*** Opening of GIVEN ENTRIES ***

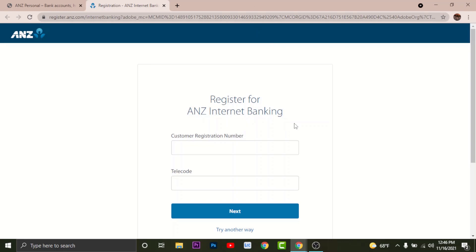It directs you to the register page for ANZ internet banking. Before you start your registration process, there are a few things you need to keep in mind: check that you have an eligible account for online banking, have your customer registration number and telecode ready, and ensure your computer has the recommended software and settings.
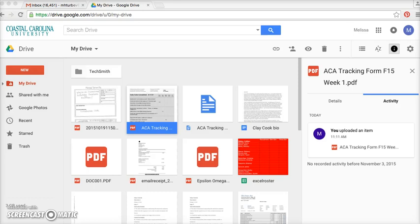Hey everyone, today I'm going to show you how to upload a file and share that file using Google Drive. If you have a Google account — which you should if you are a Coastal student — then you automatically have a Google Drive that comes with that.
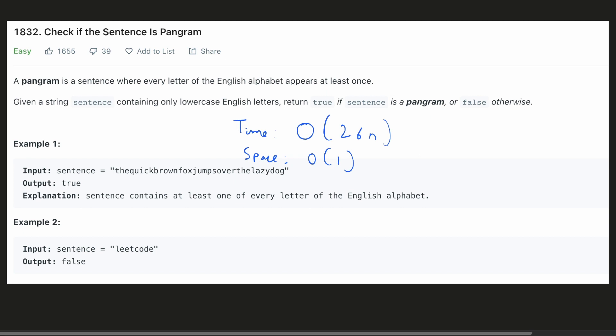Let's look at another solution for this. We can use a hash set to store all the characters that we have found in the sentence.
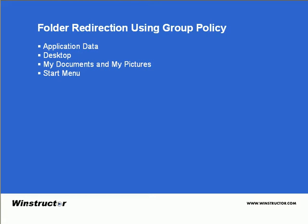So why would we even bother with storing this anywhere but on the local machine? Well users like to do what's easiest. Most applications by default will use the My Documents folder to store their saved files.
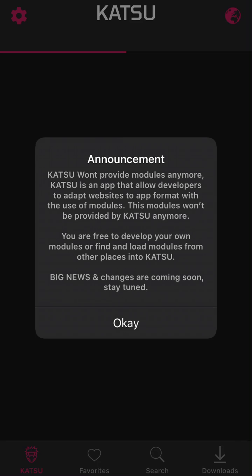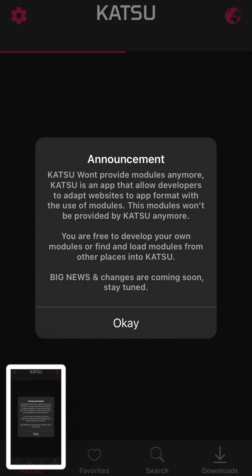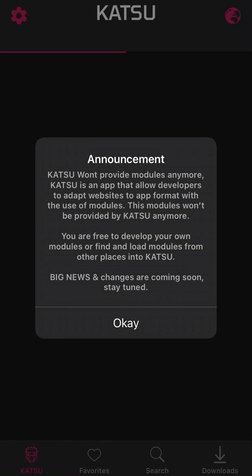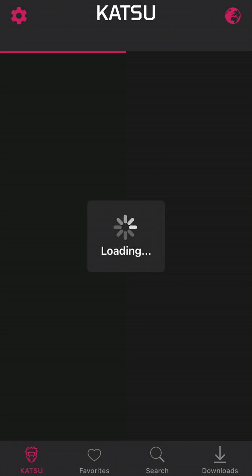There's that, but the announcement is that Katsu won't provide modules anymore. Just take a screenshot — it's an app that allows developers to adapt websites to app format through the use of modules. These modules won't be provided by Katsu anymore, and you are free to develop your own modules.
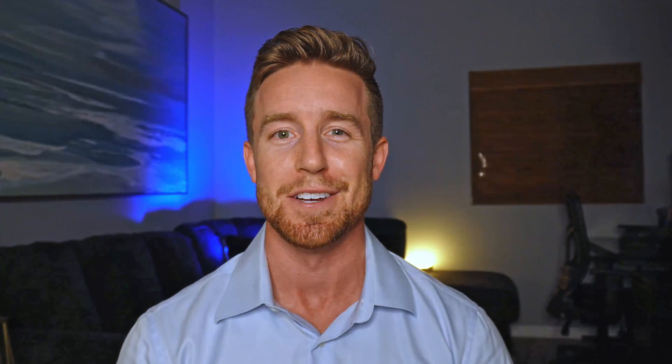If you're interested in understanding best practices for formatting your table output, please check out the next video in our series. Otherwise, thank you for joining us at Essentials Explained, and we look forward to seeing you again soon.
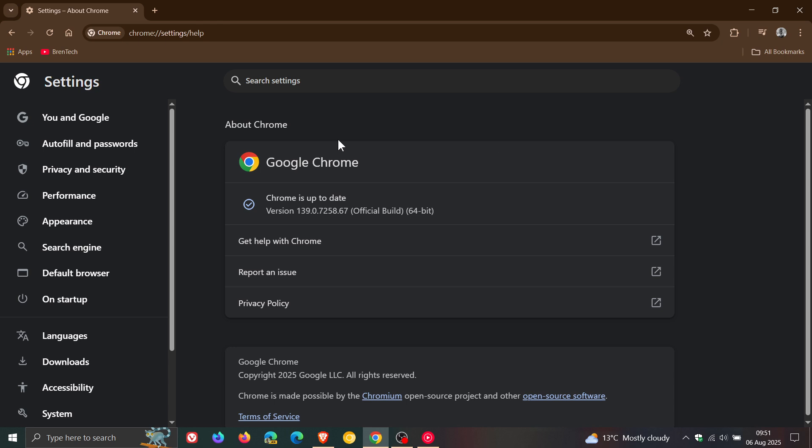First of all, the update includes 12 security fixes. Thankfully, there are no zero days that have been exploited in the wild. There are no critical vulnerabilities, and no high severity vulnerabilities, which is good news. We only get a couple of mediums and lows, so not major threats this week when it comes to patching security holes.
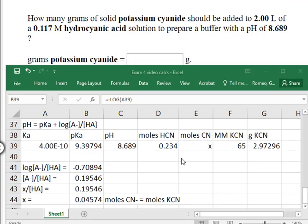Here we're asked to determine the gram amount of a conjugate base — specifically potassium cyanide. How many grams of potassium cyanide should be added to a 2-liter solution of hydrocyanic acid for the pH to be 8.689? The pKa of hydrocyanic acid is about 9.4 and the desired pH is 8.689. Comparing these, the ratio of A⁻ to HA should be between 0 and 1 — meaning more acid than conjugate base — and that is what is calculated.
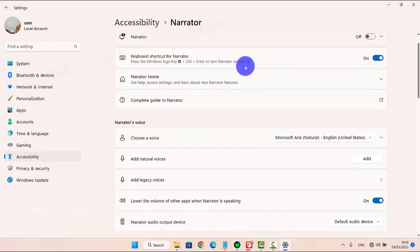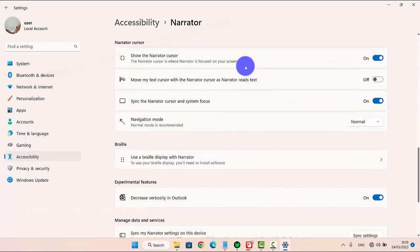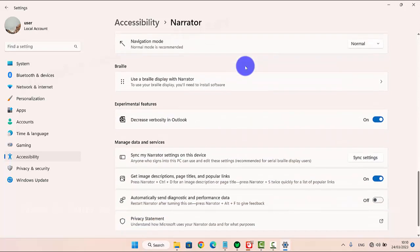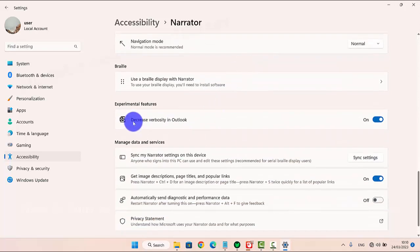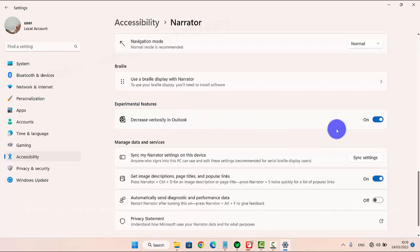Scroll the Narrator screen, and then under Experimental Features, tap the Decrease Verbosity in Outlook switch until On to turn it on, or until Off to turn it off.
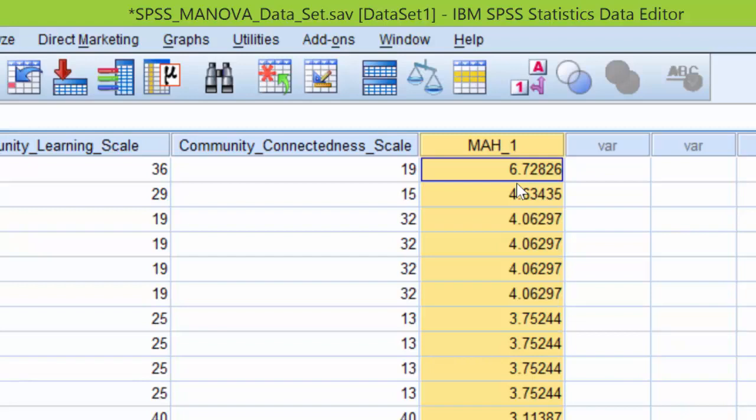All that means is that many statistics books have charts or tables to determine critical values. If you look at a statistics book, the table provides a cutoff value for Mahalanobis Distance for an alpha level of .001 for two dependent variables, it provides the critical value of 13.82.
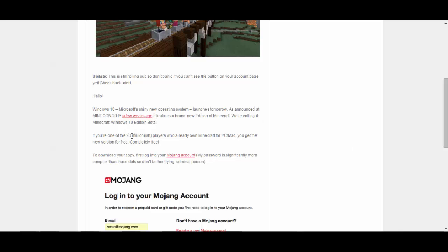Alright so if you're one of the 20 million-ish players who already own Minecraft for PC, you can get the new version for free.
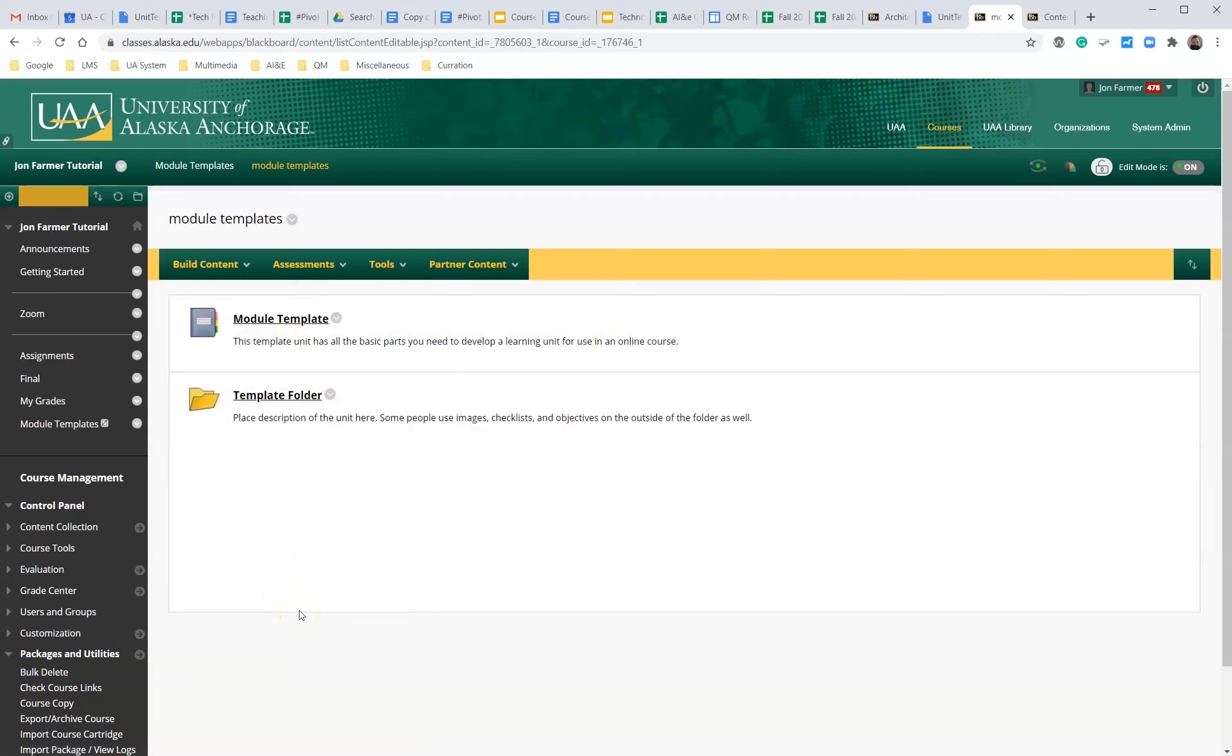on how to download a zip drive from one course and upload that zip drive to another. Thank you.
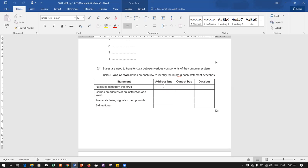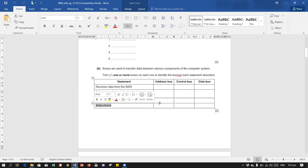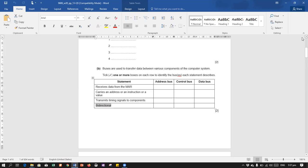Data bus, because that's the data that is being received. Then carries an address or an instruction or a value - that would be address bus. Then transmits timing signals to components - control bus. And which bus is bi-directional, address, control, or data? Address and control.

*** Close of GIVEN ENTRIES ***

WHAT THE EXERCISE ASKS:
Copy exactly the lines running from the beginning of the listing through the line that has "Hey everyone, today". Drop the pictures.

WORKED SOLUTION:
It directs you to the register page for ANZ internet banking. Before you start your registration process, there are a few things you need to keep in mind: check that you have an eligible account for online banking, have your customer registration number and telecode ready, and ensure your computer has the recommended software and settings.
Hey everyone, today I'm going to show you how to upload a file and share that file using Google Drive. If you have a Google account — which you should if you are a Coastal student — then you automatically have a Google Drive that comes with that.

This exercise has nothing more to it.